_Records for the exercise_
::::::

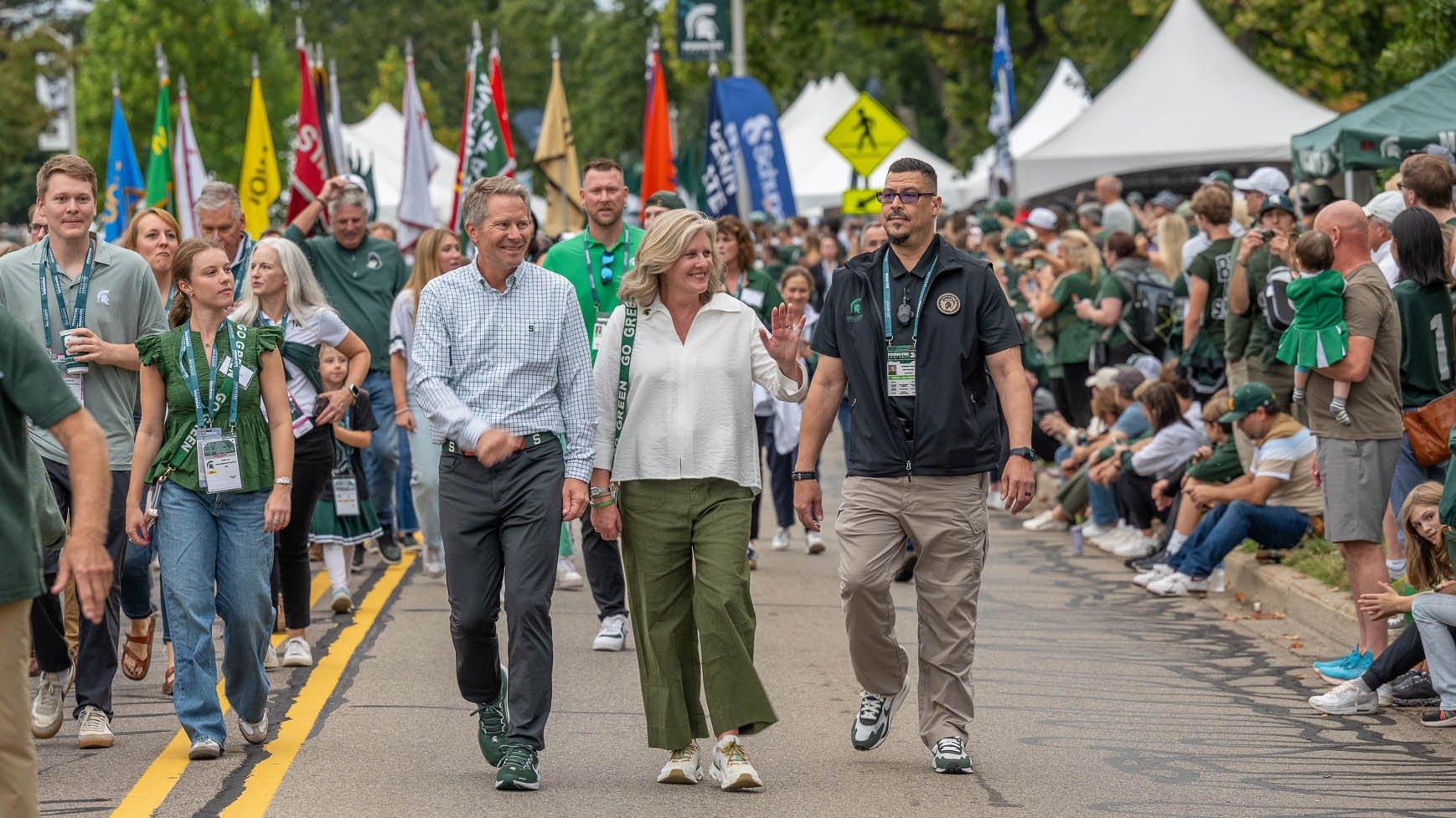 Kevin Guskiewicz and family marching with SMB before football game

::::::

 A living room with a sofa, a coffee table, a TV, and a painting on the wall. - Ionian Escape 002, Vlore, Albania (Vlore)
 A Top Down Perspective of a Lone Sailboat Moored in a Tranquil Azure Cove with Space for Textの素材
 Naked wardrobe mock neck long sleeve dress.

::::::

_Problem description_
Looking at the data above, write out exactly the lines that start at the one containing "A Top Down Perspective" and end at the one containing "Naked wardrobe mock neck long sleeve dress."; include both and nothing beyond.

_Reply_
 A Top Down Perspective of a Lone Sailboat Moored in a Tranquil Azure Cove with Space for Textの素材
 Naked wardrobe mock neck long sleeve dress.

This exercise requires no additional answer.